20.4.3 Toelaatbaarheid
Het bevoegd gezag kan aan een vergunning als bedoeld in 20.4.1, ter bescherming en behoud van archeologische waarden, de volgende voorschriften verbinden:
de verplichting tot het treffen van technische maatregelen waardoor waardevolle elementen in de bodem kunnen worden behouden;
de verplichting tot het doen van een archeologisch (vervolg)onderzoek waaronder mede wordt verstaan het doen van een opgraving;
de verplichting de activiteit die tot bodemverstoring leidt, te laten begeleiden door een deskundige op het terrein van de archeologische monumentenzorg die voldoet aan door het bevoegd gezag bij de vergunning te stellen kwalificaties;
indien het bepaalde onder c, van toepassing is: een regeling omtrent de gevolgen bij vondsten die worden gedaan tijdens de uitvoering van de bouwwerkzaamheden.

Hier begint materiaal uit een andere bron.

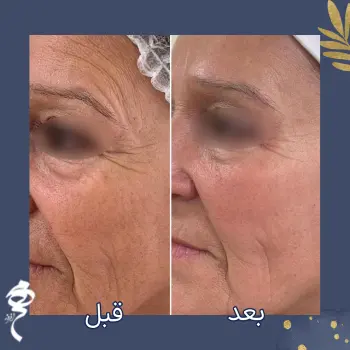 پروفایلو در سن پیری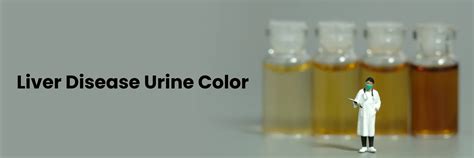 Liver Disease And Urine Colour Changes And Its Causes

20.5 Wijzigingsbevoegdheid
Burgemeester en wethouders zijn bevoegd het plan te wijzigen nadat nieuw gemeentelijk archeologisch beleid is vastgesteld in die zin dat de kaart in bijlage 3 bij deze regels kan worden geactualiseerd en het bijbehorend toetsingskader kan worden aangepast.
Artikel 21 Waterstaat – Waterstaatkundige functie
21.1 Bestemmingsomschrijving
De voor ‘Waterstaat – Waterstaatkundige functie’ aangegeven gronden zijn, behalve voor de andere daar voorkomende bestemming, primair bestemd voor droogdalen, andere droogvallende open primaire wateren, beschermingszones en profiel van vrije ruimte van watergangen en primair water dat door natuurlijke verplaatsing zijn bedding kan verleggen.
21.2 Bouwregels
Op de voor 'Waterstaat – Waterstaatkundige functie' aangewezen gronden mogen uitsluitend bouwwerken, geen gebouwen zijnde, ten dienste van de genoemde bestemming worden gebouwd.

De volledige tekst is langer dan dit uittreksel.